The Federal Financial Institutions Examinations Council (FFIEC) has issued a rare warning to banks on destructive new malware tools that are being used by attackers to compromise data and render critical systems inoperable.
In a separate alert, the interagency council that develops standards for federal oversight of financial institutions also warned of targeted cyberattacks seeking to steal the online login credentials used by bank employees to access critical systems and data.
It’s unclear whether the alerts were prompted by any specific incidents or were driven by broader concerns about targeted attacks against banks and other financial services institutions. Last year’s cyberattack on JPMorgan Chase, which exposed the data of an estimated 83 million banking customers, has spawned considerable worries about sophisticated malware tools being used to breach financial services networks.

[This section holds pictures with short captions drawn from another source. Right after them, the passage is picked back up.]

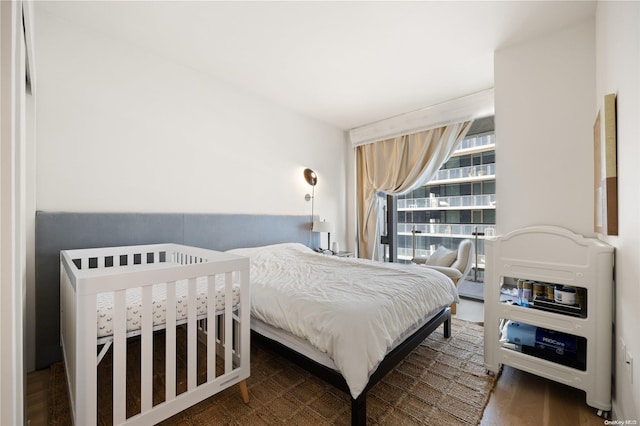 bedroom featuring dark hardwood / wood-style flooring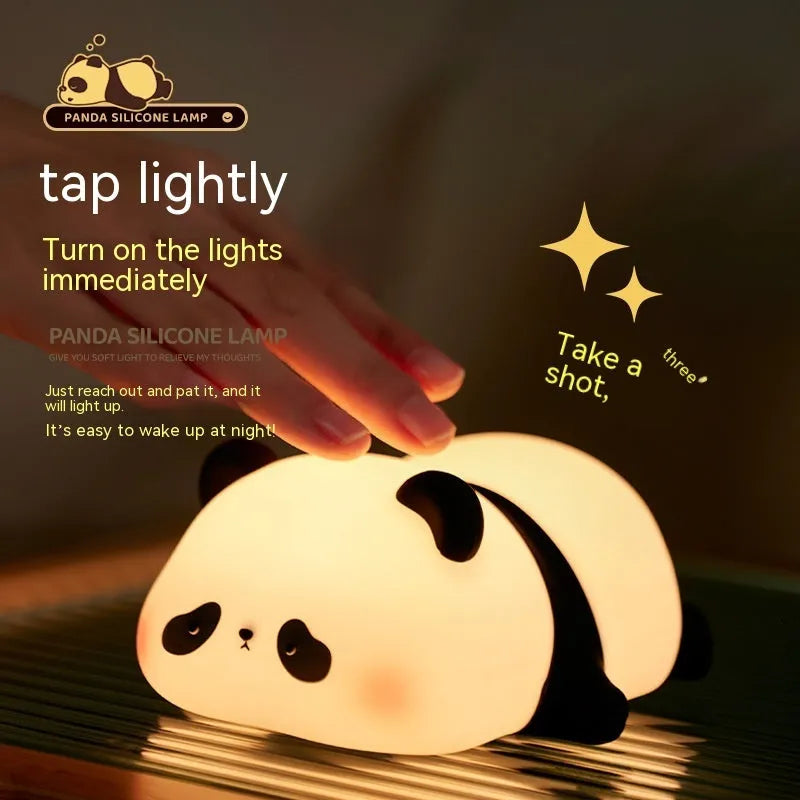 Panda shaped silicone night light with warm white glow on dark surface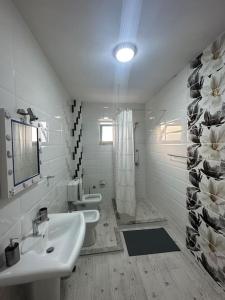 a white bathroom with two sinks and a shower at Tranquil Lakehouse in Shkodër +23 photos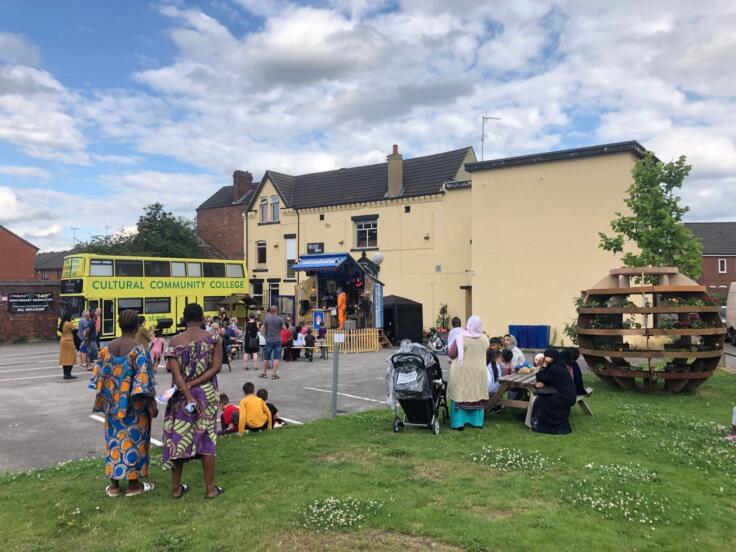 Yellow and green bus that says 'Cultural Community College'. A group of people attend an outdoor performance in front of a large cream stucco building. There's a wooden spherical sculpture on the right.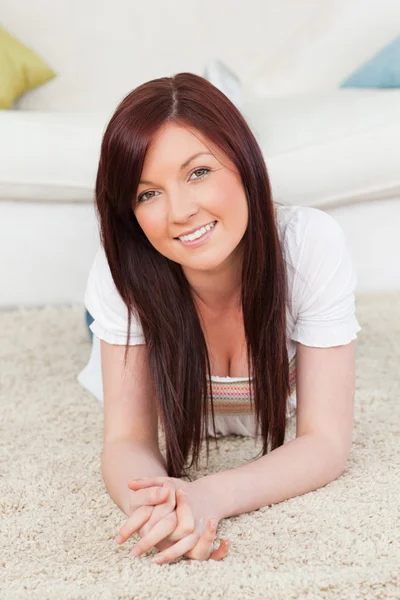 Mujer de pelo rojo bien parecido posando mientras está acostado en una alfombra —  Fotos de Stock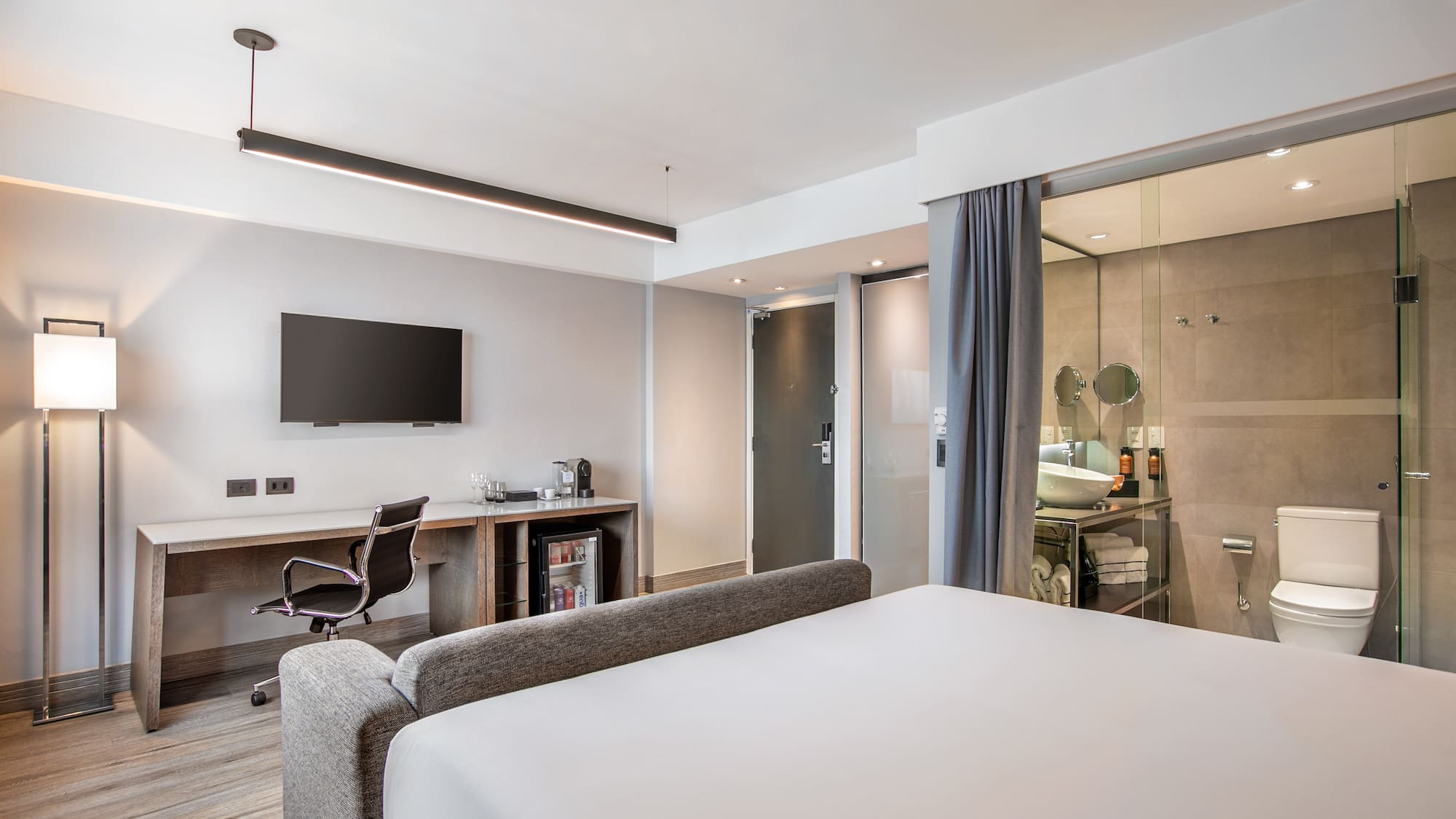 Quarto de hotel moderno com cama, escrivaninha, TV e banheiro de vidro. - Grand Premium - Meliá Ibirapuera, São Paulo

One example of such tools is the Dyre banking Trojan, which first started circulating last June and has since been used in attacks against Citigroup, Chase, the Royal Bank of Scotland and Bank of America. IBM recently identified a variant of the tool being used in a campaign dubbed “Dyre Wolf,” which has already resulted in more than $1 million being siphoned out of corporate bank accounts.
Variety of Risks From Malware
The FFIEC’s alert on malware tools does not name any specific threats but noted that financial institutions faced a variety of risks from them, including financial loss, operational disruption, fraud and reputational damage.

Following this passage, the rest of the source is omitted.